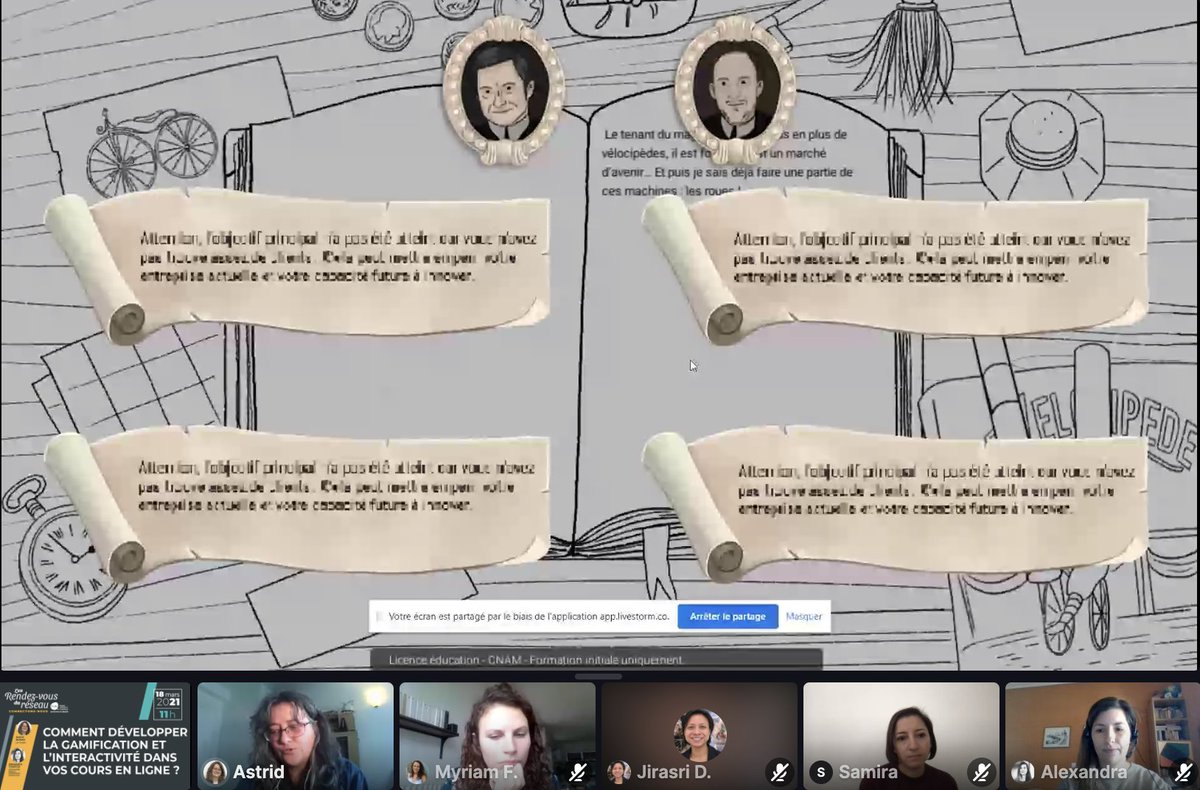 #Webinaire <a href="/ReseauFUN/">ReseauFUN</a>
 👉"Comment développer la #Gamification et l'#Interactivité dans vos #CoursEnLigne? »
<a href="/arosso73/">Astrid Rosso</a> présente #LudoLab @LilianPcb <a href="/LeCnamDN1/">leCnam DN1</a> <a href="/LeCnam/">Le Cnam</a> > différentes approches ludopédagogiques &amp; l’intégration ds un #Mooc <a href="/InnovaFab/">MOOC Fabriquer l'innovation</a> @GillesGarel <a href="/LoicPetitgirard/">Loïc Petitgirard</a>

=== AIM OF THE TASK ===
Return an exact copy of only the lines from the one with "développer la #Gamification" through the end of the listing above, both included.

=== EXPECTED ANSWER ===
 👉"Comment développer la #Gamification et l'#Interactivité dans vos #CoursEnLigne? »
<a href="/arosso73/">Astrid Rosso</a> présente #LudoLab @LilianPcb <a href="/LeCnamDN1/">leCnam DN1</a> <a href="/LeCnam/">Le Cnam</a> > différentes approches ludopédagogiques &amp; l’intégration ds un #Mooc <a href="/InnovaFab/">MOOC Fabriquer l'innovation</a> @GillesGarel <a href="/LoicPetitgirard/">Loïc Petitgirard</a>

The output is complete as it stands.